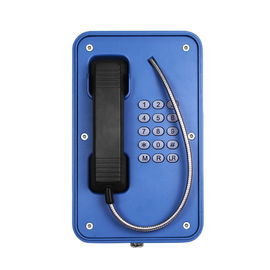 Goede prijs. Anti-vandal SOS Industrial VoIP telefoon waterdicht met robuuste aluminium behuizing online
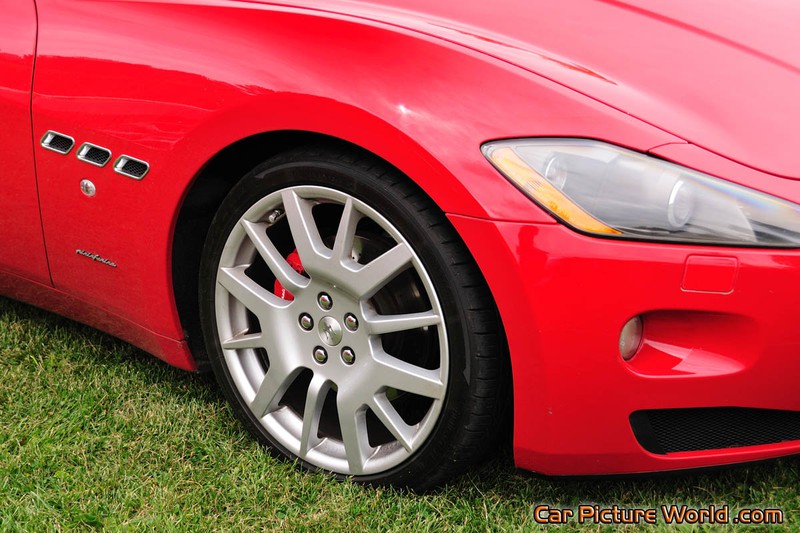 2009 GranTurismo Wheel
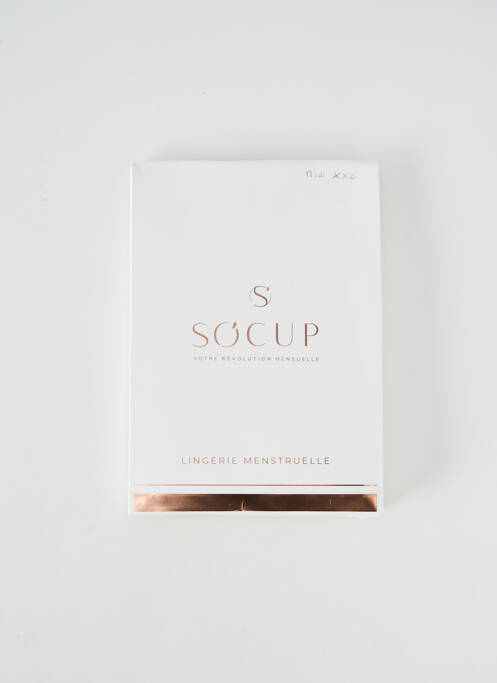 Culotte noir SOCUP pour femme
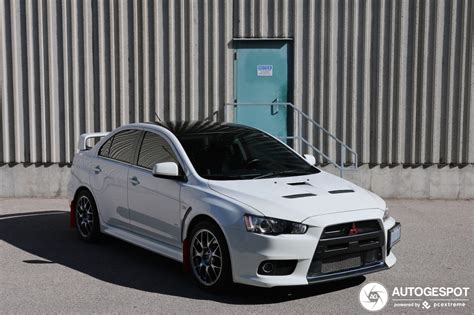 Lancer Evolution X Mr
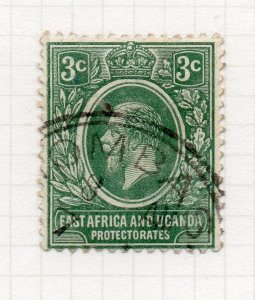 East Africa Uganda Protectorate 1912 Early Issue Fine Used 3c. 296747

■ ■ ■

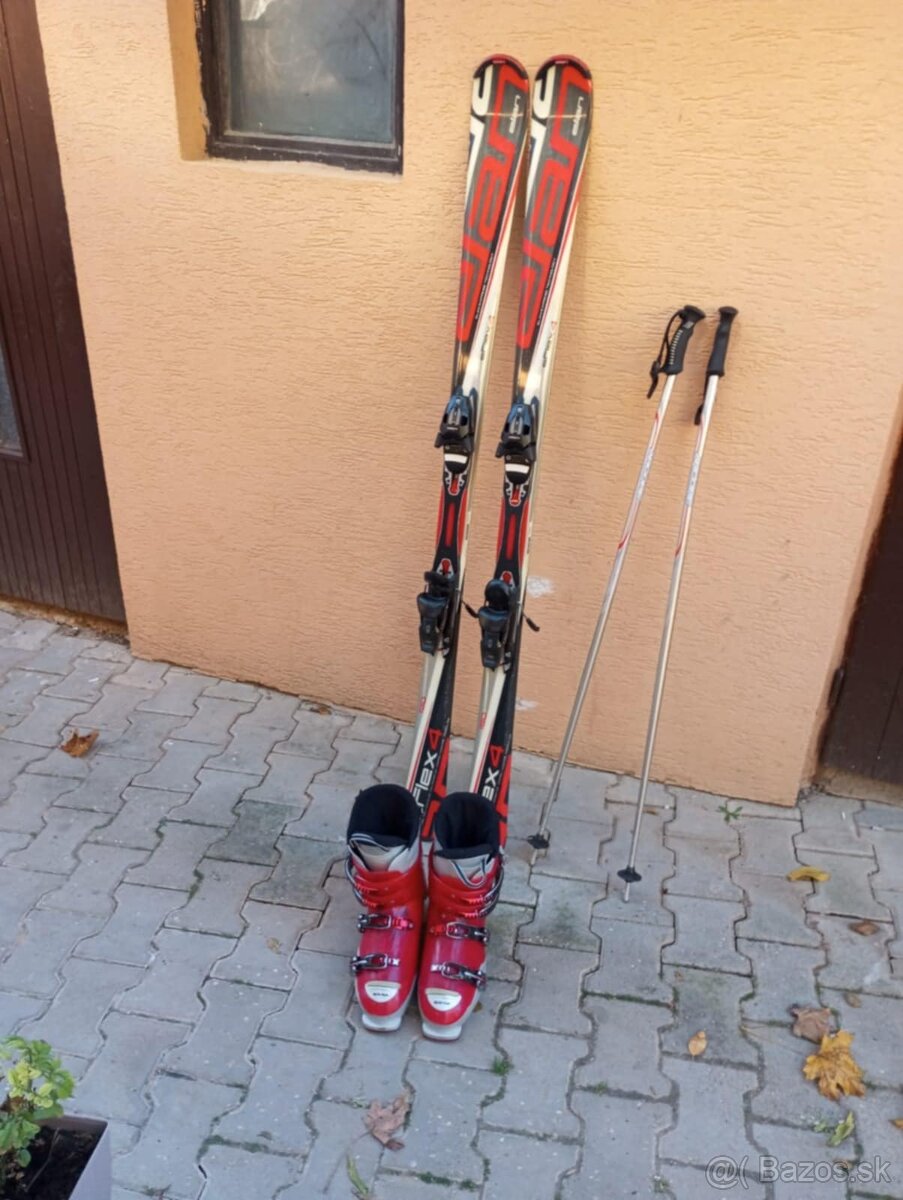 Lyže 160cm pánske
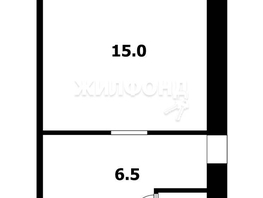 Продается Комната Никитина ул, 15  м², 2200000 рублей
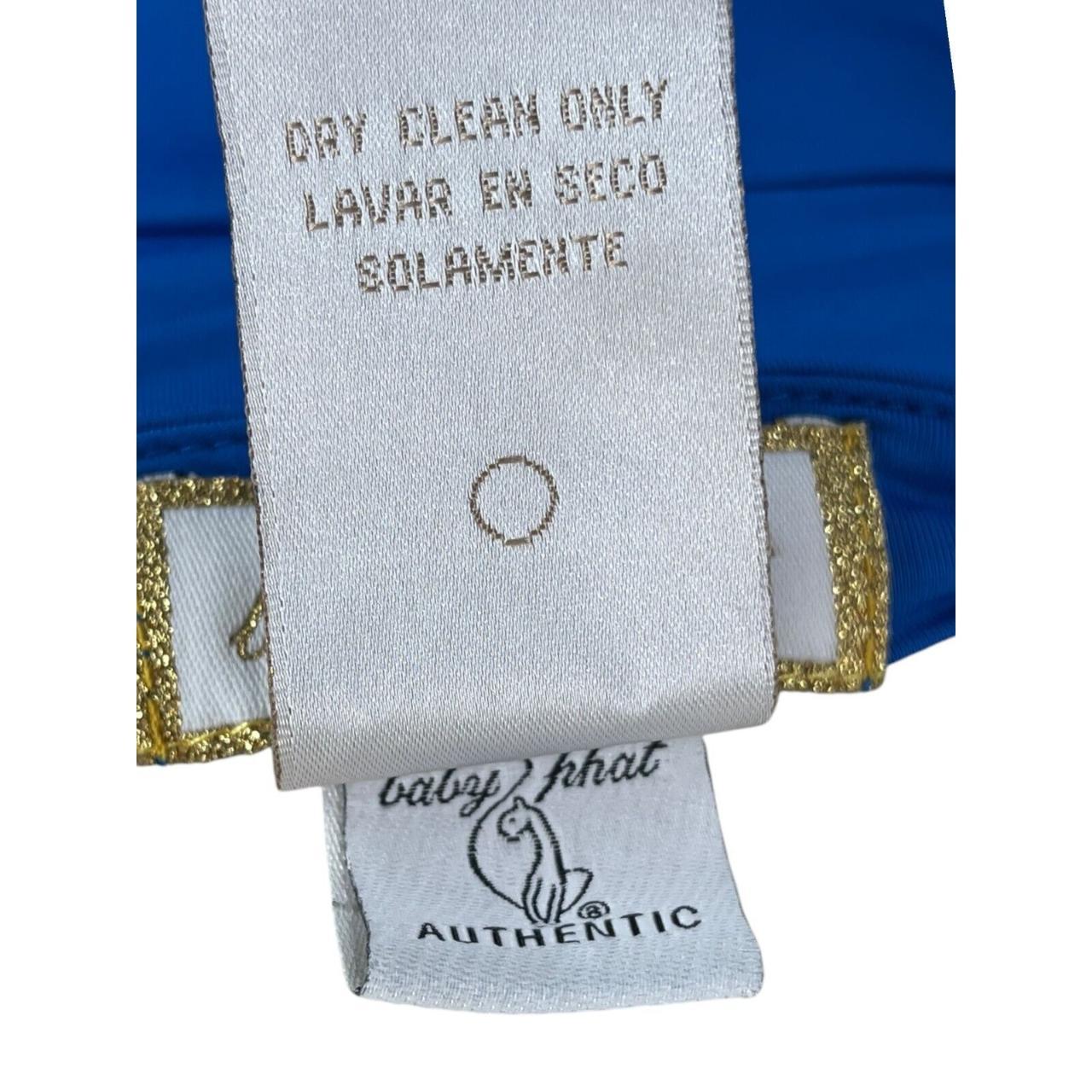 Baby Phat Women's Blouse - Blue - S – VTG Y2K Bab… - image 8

■ ■ ■

▶ _Directions for this task_
All lines above starting at the one with "Culotte noir SOCUP pour femme" and ending at the one with "East Africa Uganda", inclusive, are to be printed again exactly, with the pictures left out.

▶ _Answer box_
 Culotte noir SOCUP pour femme
 Lancer Evolution X Mr
 East Africa Uganda Protectorate 1912 Early Issue Fine Used 3c. 296747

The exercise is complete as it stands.